More revelations on happenings that led to the take-over of Arik Air were made on Wednesday by the Asset Management Corporation of Nigeria(AMCON).
AMCON Managing Director Mr. Ahmed Kuru, in his presentation in Abuja to the Senate Committee on Banking, Insurance and other Financial Institutions said Nigeria’s biggest Airline lacked accountability and goood corporate governance.
He accussed the owner, Johnson Arumemi-Ikhide of neglecting good corporate governance, saying decisions were taken solely by him as the airline does not have a management structure.

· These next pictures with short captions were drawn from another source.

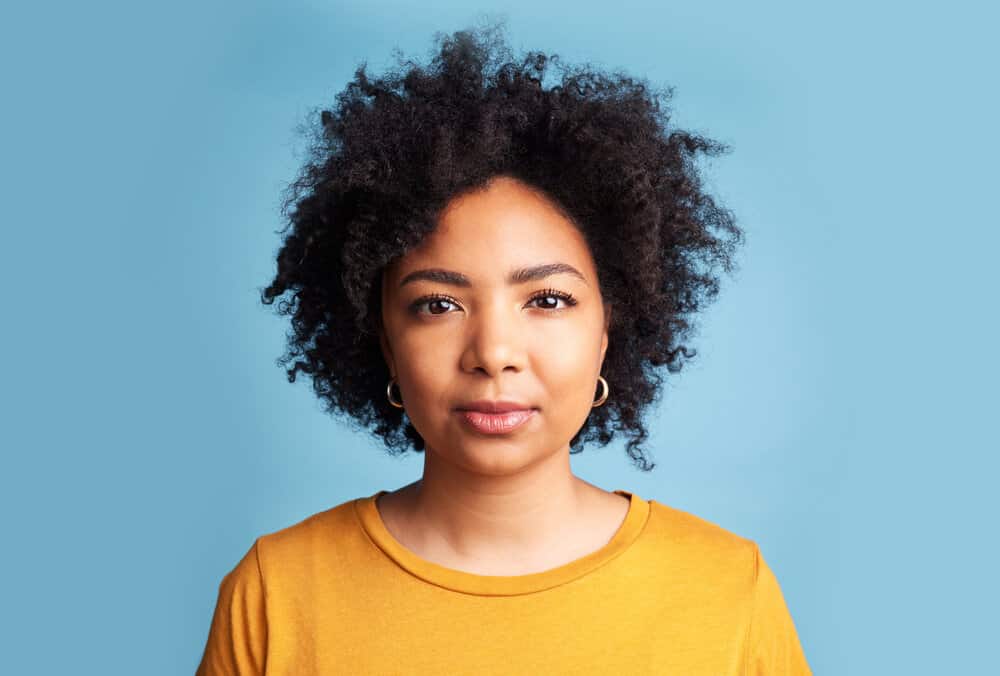 A light-skinned African female with naturally curly hair styled with essential oils and coconut oil leave-in conditioner.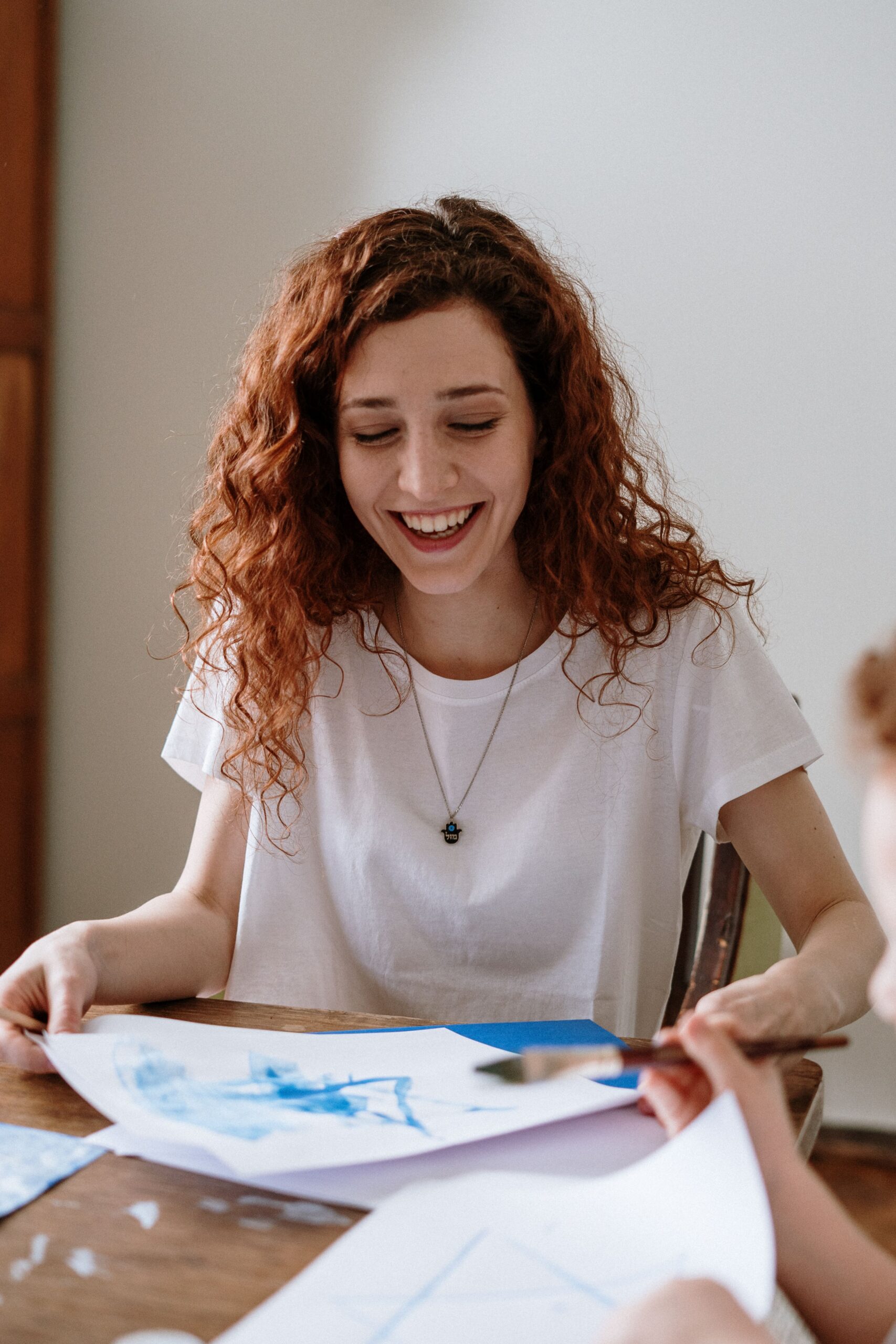 Adult using painting as part of an art therapy session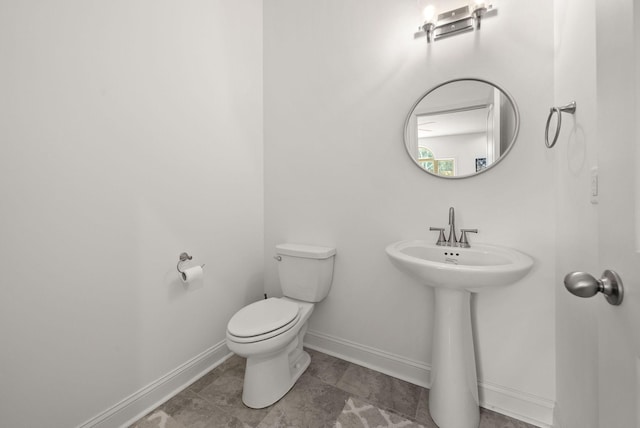 4049 Sadie Grace Way NW, Clarksville, TN 37042 - bathroom with toilet and baseboards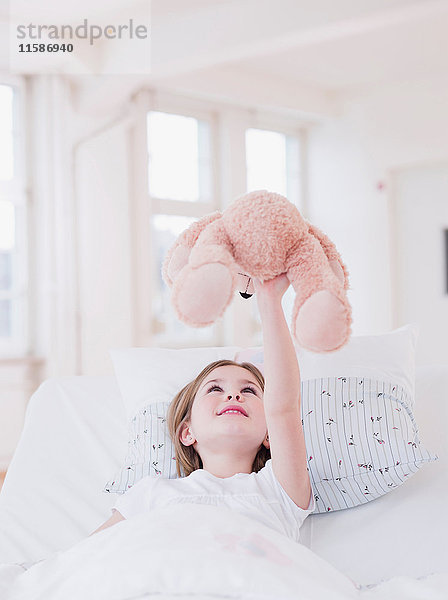 Mädchen im Bett spielt mit Teddybär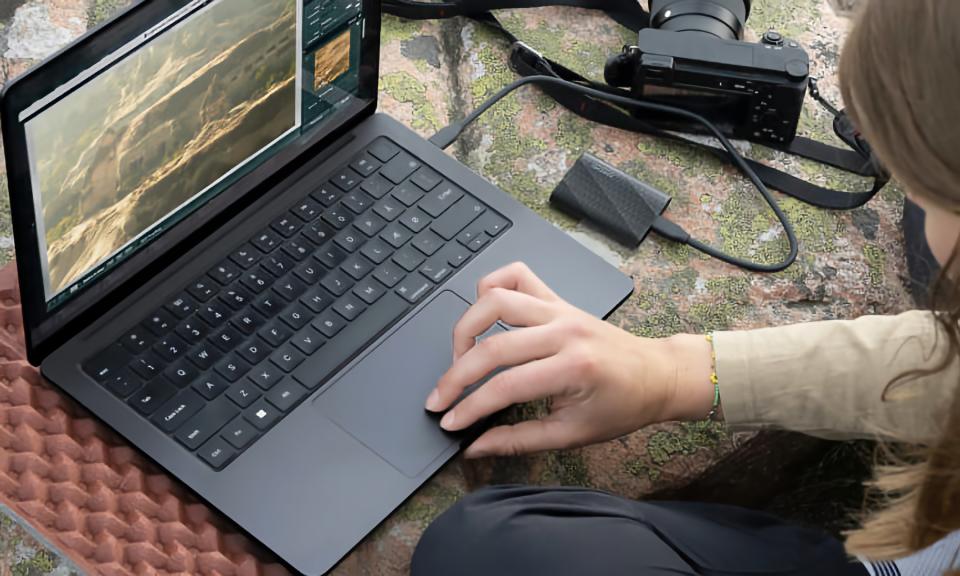 Lifestyle marketing photo of a person using a Windows laptop with a Samsung portable SSD plugged into it. A camera is also nearby, and it all sits on a green and orange surface.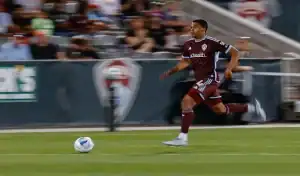 Colorado Rapids player chases the ball during MLS game against Orlando City, June 14th 2025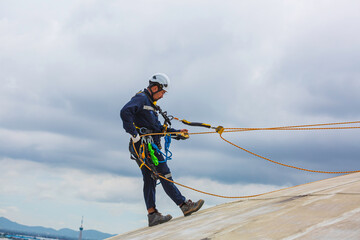 Male workers clear rope access wearing safety first harness rope safety line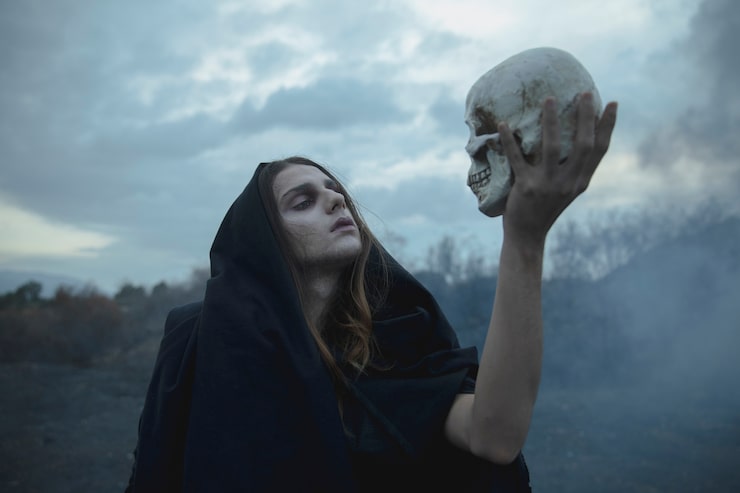 Gratis Foto shakespeares idé om en mann som holder et hodeskalle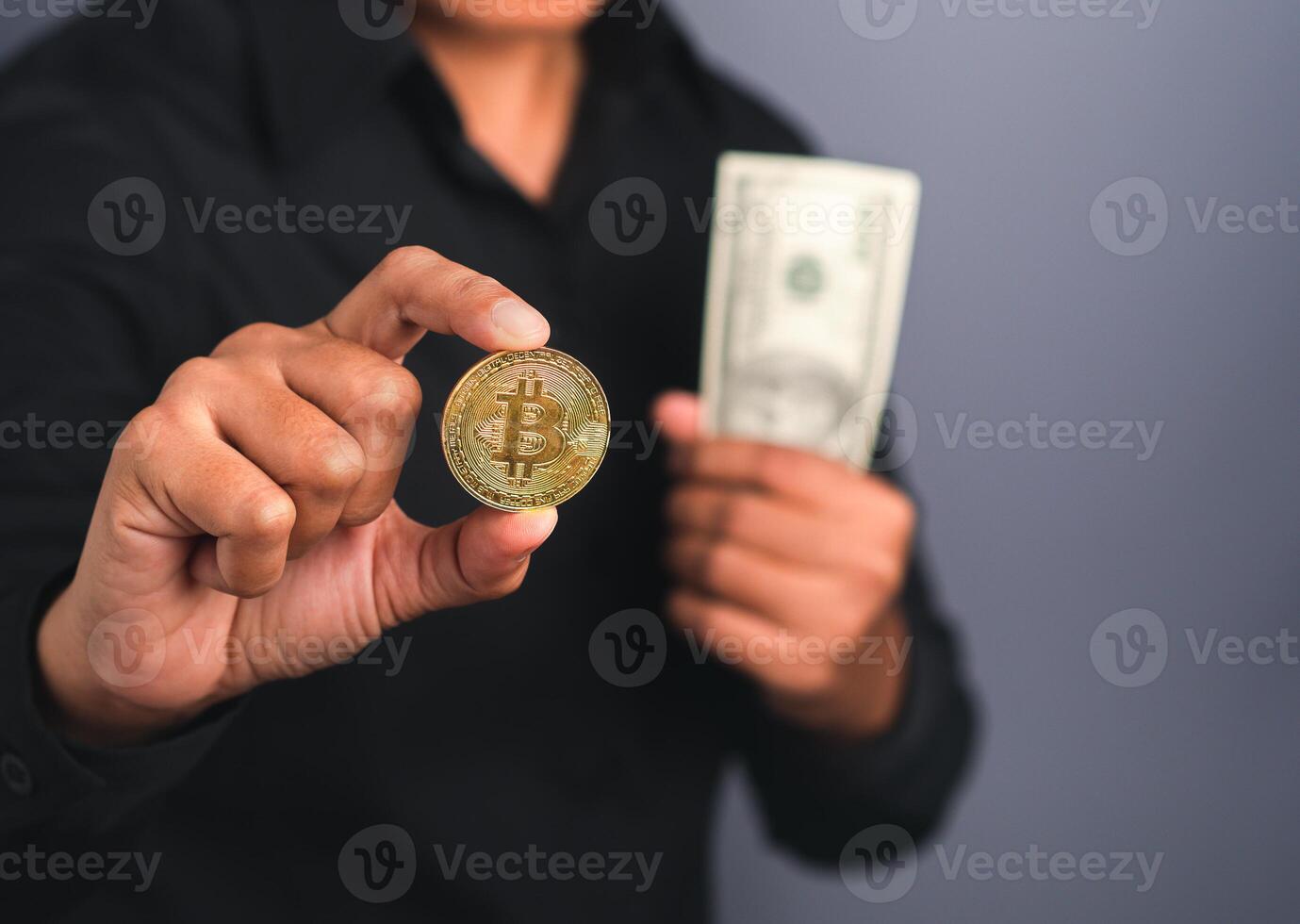 Portrait of an investor guy showing a bitcoin golden coin and US banknote with a gray background while standing in the studio. Space for text. Virtual cryptocurrency and future money concept photo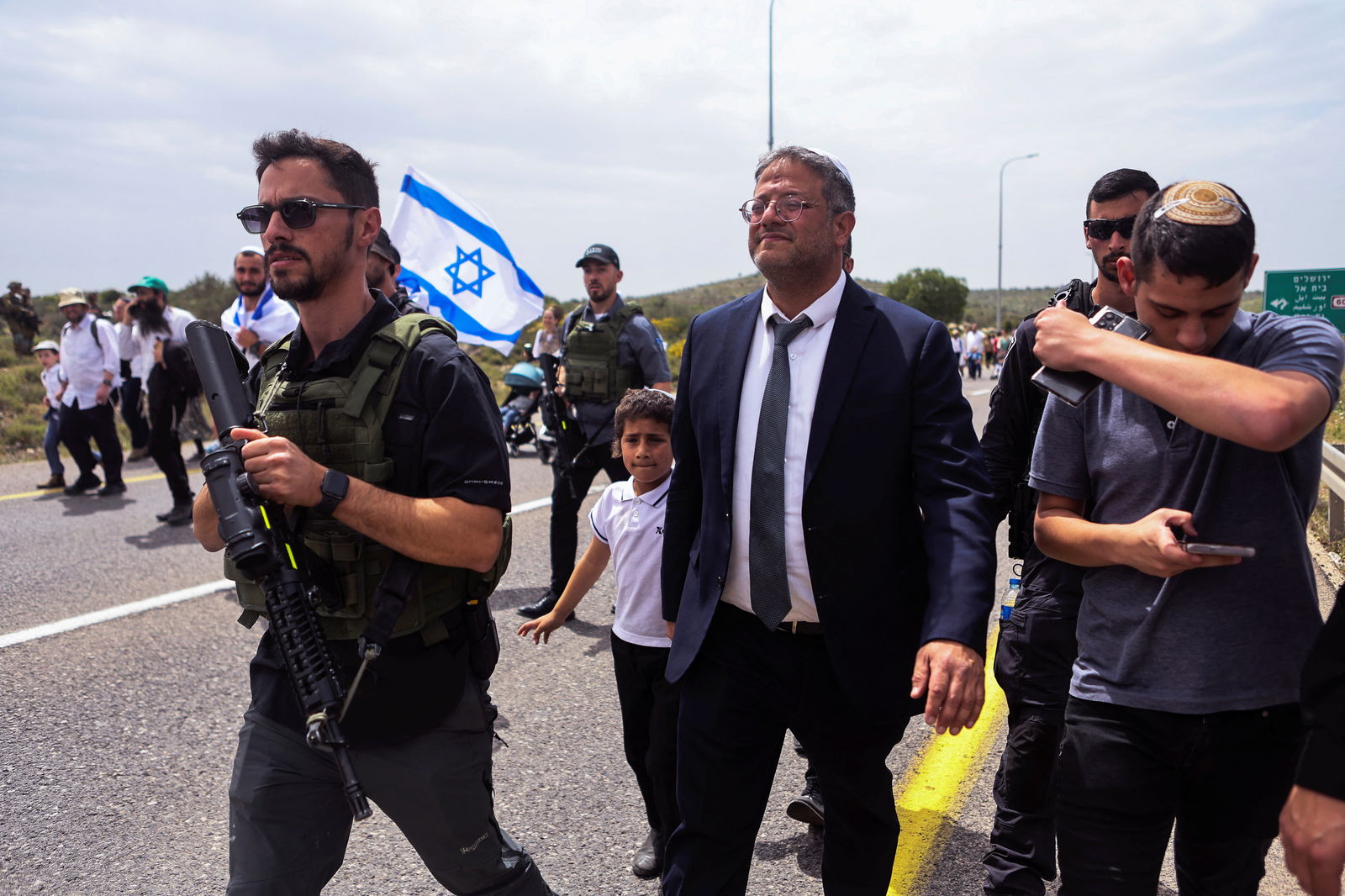 Israeli Security Minister Itamar Ben-Gvir joins Israeli settlers as they hold a protest march from Tapuach Junction to the Israeli settler outpost of Evyatar, in the Israeli-occupied West Bank, April 10, 2023. REUTERS/Nir Elias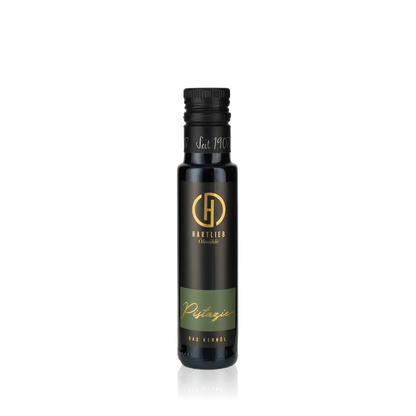 Hartlieb Pistazienöl Flasche auf schwarzem Hintergrund.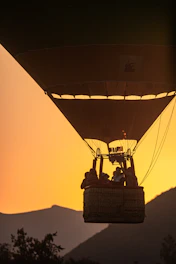 Passengers smiling inside a hot air balloon basket with alpine scenery behind.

He described Arik Air as a serial delinquent debtor, adding that the airline and the other companies belonging to its owner, are owing N263.7bn.“This figure excludes Arik’s indebtedness to other banks, aviation authorities (local and foreign), vendors, contractors and workers,” said Kuru.
He said Arik Air was badly distressed to a point that Ethiopian Airline that was invited to manage it under a management contract declined after gaining knowledge of its state of affairs.
“Currently, based on the analysis and the reports that we received from outside, Arik Air is confronted with some of these challenges: they have consistently defaulted in servicing all their loans; they have consistently defaulted in making all the lease payments; they have consistently defaulted in paying even insurance premium; they have failed to meet other service providers’ obligations,”Kuru said.
He addded, “There is total lack of accountability, because nobody knows what is happening there financial-wise. And they have also accumulated regulatory debts, some of which we couldn’t verify before, but which we now know to be N26.4bn, including $3.3m. These are debts to the NCAA, FAAN, NAMA, etc.”
The AMCON chairman said Arik Air airline was earning about N7bn monthly.“And they have failed to even pay staff salaries. They are owing salaries for periods ranging between five and seven months, depending on the department,” he added.
Kuru disclosed AMCON bought the airline’s non-performing loan of N71bn from Union Bank of Nigeria Plc and N14bn from Keystone Bank Limited.The loans were for the purchase of additional aircraft and refinancing of existing term loans,but the airline defaulted. The default, according to him, has ”posed systemic threat to the banks and, indeed, the Nigerian economy.”
“The principal promoter of Arik Air is Sir Johnson Arumemi-Ikhide. Apart from AMCON, Arik is also currently indebted to other commercial institutions in Nigeria, including Standard Chartered Bank, Zenith Bank, Ecobank and Access Bank to the tune of circa N165bn; N26bn is owed to the federal aviation agencies and regulators; $11m is owed to European aviation agencies and service providers; and $20m owed to Lufthansa Technique.
“AMCON also acquired three other non-performing loans of companies in which the principal promoter is Sir Johnson Arumemi-Ikhide, namely: Rockson Engineering (N107bn), Ojemai Farms Limited (N8.6bn) and Ojemai Investment Limited (N1.9bn). The total exposure of Sir Arumemi-Ikhide to AMCON is N263.7bn.”
Kuru made more revelations, “In May 2013, AMCON sourced N26bn of the Central Bank of Nigeria’s Power and Aviation Intervention Fund through the Bank of Industry on behalf of Arik. AMCON disbursed N21.38bn of the BoI loan to Arik as working capital. Out of this amount, N2.4bn was meant for the reconfiguration of two aircraft from passenger to cargo carriers. This was never done as the funds were diverted by the Arik management and is now the subject of EFCC investigation. Both aircraft were abandoned in the UK.”
Senator Rafiu Ibrahim, who is the Chairman of the committee,in his opening remarks, said his committee was in support of AMCON’s take over of the airline.